In \pkg{resde}, the model specification is done with function \code{sdemodel()}. The arguments and defaults are
<<sdemodel, eval=FALSE>>=
sdemodel(phi=~x, phiprime=NULL, beta0=~beta0, beta1=~beta1, t0=0,
         x0=0, mu0=0, mup=1, mum=1)
@
\noindent
The values are either constants, or formulas with an empty left-hand side. The optional \code{phiprime} can be an expression for the derivative of $\varphi$ with respect to $x$. If the derivative is not given, it is automatically generated with the \pkg{Deriv} package. The result from \code{sdemodel()} is used by the estimation function \code{sdefit()}.

Assume that \pkg{resde} is properly installed. For the example above,
<<>>=
library(resde)
exmpl <- sdemodel(phi=~x^c, beta0=~b*a^c, beta1=~-b, mup=~sqrt(b))
@
\noindent
The leading \verb|##| are not displayed by \lang{R}, but are used here to distinguish outputs from inputs. Always check the displayed result to see if that is what you meant. The display can be obtained again with \verb|sdemodel_display(exmpl)|. Note that here the errors \code{ei} and \code{e0} have unit vsriances, so that $\epsilon_i = \sigma_m e_i$ and $\epsilon_0 = \sigma_0 e_0$. More examples below.

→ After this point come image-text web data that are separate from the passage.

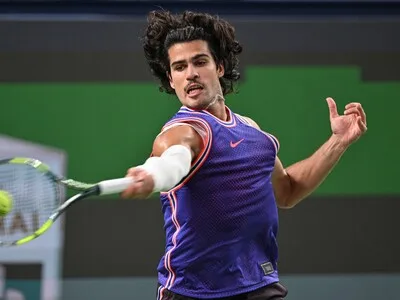 Carlos Alcaraz debuta con éxito en el Masters 1000 de Shanghái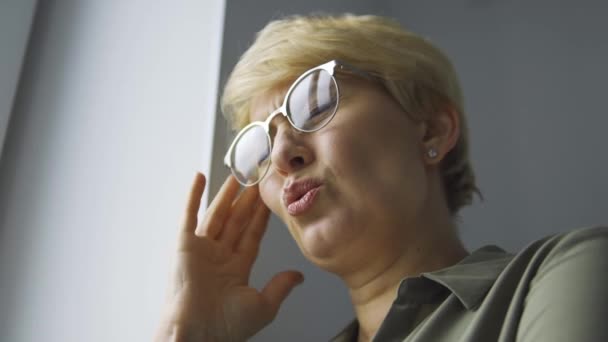 Orta Yaşlı Bir Kadın Acı Içinde Dayanılmaz Baş Ağrısı Migren — Stok video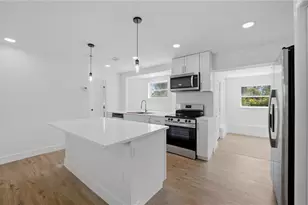 561 Yale Rd, Venice, FL 34293 - Photo 4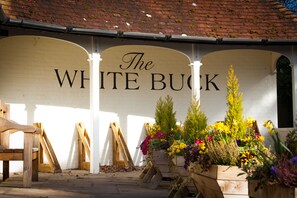 Front of property - The White Buck (Ringwood)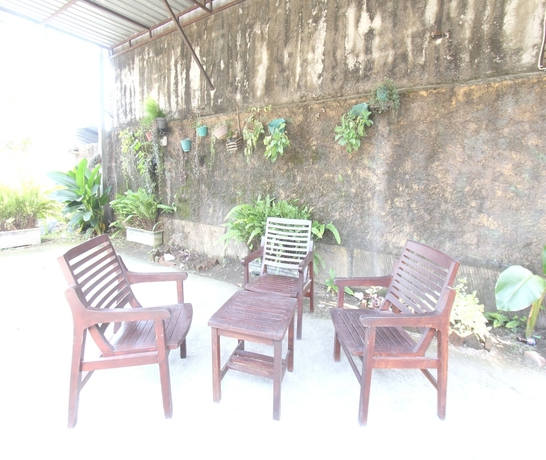 Imagen de los interiores del Hotel OYO 93666 Lestari Homestay. Foto 14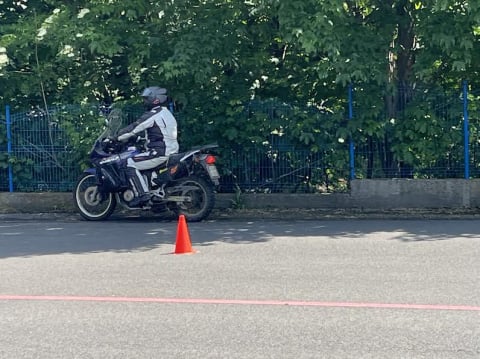 Od teorii do placu manewrowego. Motocyklowe warsztaty w Wałbrzychu przyciągnęły dziesiątki uczestników - 4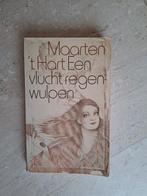 Een vlucht regenwulpen - Maarten 't Hart, Boeken, Ophalen of Verzenden, Gelezen, Maarten 't Hart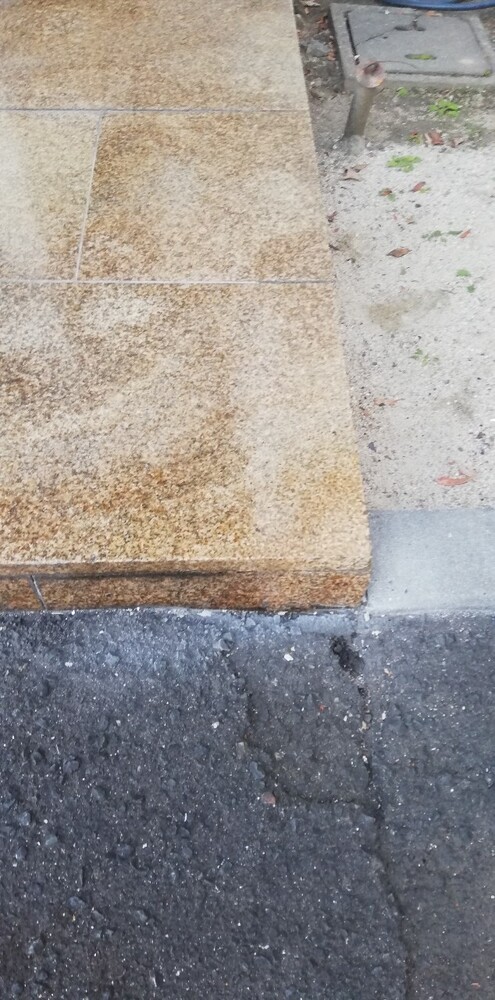 石材タイル割れ補修前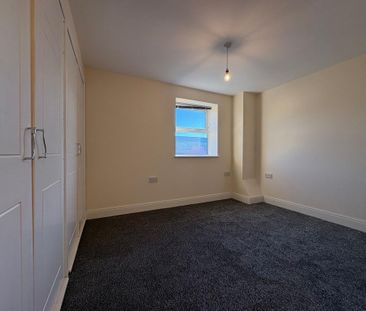 3 bedroom apartment to rent - Photo 3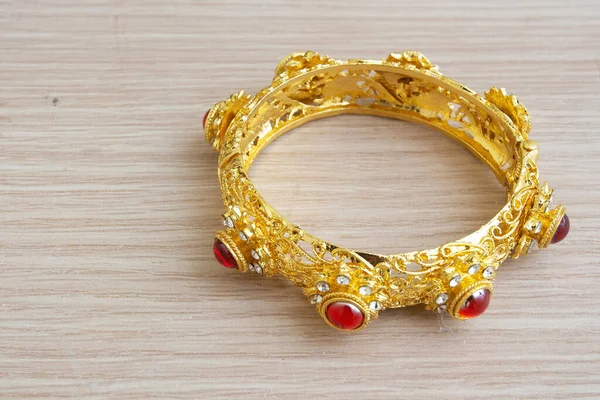 赤い宝石の石と金のブレスレットタイスタイル — ストック写真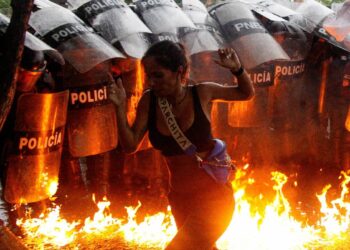 Venezuela seçim sonucu, soru işaretleri yarattı: 'Tanımayan' Latin Amerika ülkeleriyle kriz eşliğinde protestolar patlak verdi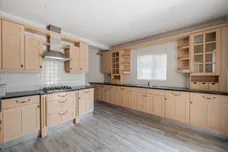 Alexander Crescent, Caterham, CR3 photo 4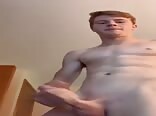Boy having a good wank cam gay porn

\section{Single-unit estimation}
\label{sec:noh}

\begin{sloppypar}
The following are the \code{sdefit()} arguments relevant to fitting an RSDE model to a single individual or sampling unit:
\code{sdefit(model, x, t, data=NULL, start=NULL, known=NULL)}.
The output of \code{sdemodel()} is passed in the argument \code{model}. Arguments \code{x} and \code{t} are either data vectors, or names for the relevant columns in the data frame \code{data}. A named vector or list \code{start} gives starting parameter values for the optimization. The optional named vector or list \code{known} can contain parameters fixed at given values for a particular estimation run, as an alternative to running \code{sdemodel()} again.
\end{sloppypar}

The output of \code{sdefit()} is a list with two components, named \code{fit} and \code{more}. The first, \code{fit}, is the result of the minimization of the sum of squares from \code{uvector()}, performed by the nonlinear least-squares function \code{nls()}. It contains the ML parameter estimates, except for the $\sigma$'s. The second component, \code{more}, gives the $\sigma$ estimates, the maximized log-likelihood value, and AIC and BIC statistics.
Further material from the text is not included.